DATA UNDER STUDY.
• • • • • • •

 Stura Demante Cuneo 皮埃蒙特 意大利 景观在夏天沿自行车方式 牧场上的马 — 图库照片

• • • • • • •

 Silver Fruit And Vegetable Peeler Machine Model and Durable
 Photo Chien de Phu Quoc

• • • • • • •

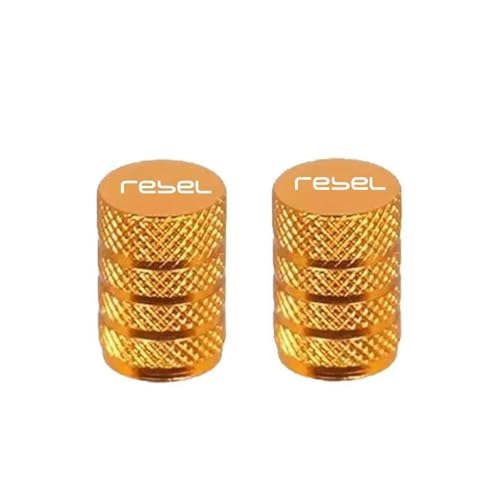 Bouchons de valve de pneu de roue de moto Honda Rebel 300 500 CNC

• • • • • • •

YOUR GOAL. Output the lines above exactly, but only those between the line holding "Silver Fruit And" and the line holding "Photo Chien de Phu Quoc", inclusive.

EXERCISE ANSWER.
 Silver Fruit And Vegetable Peeler Machine Model and Durable
 Photo Chien de Phu Quoc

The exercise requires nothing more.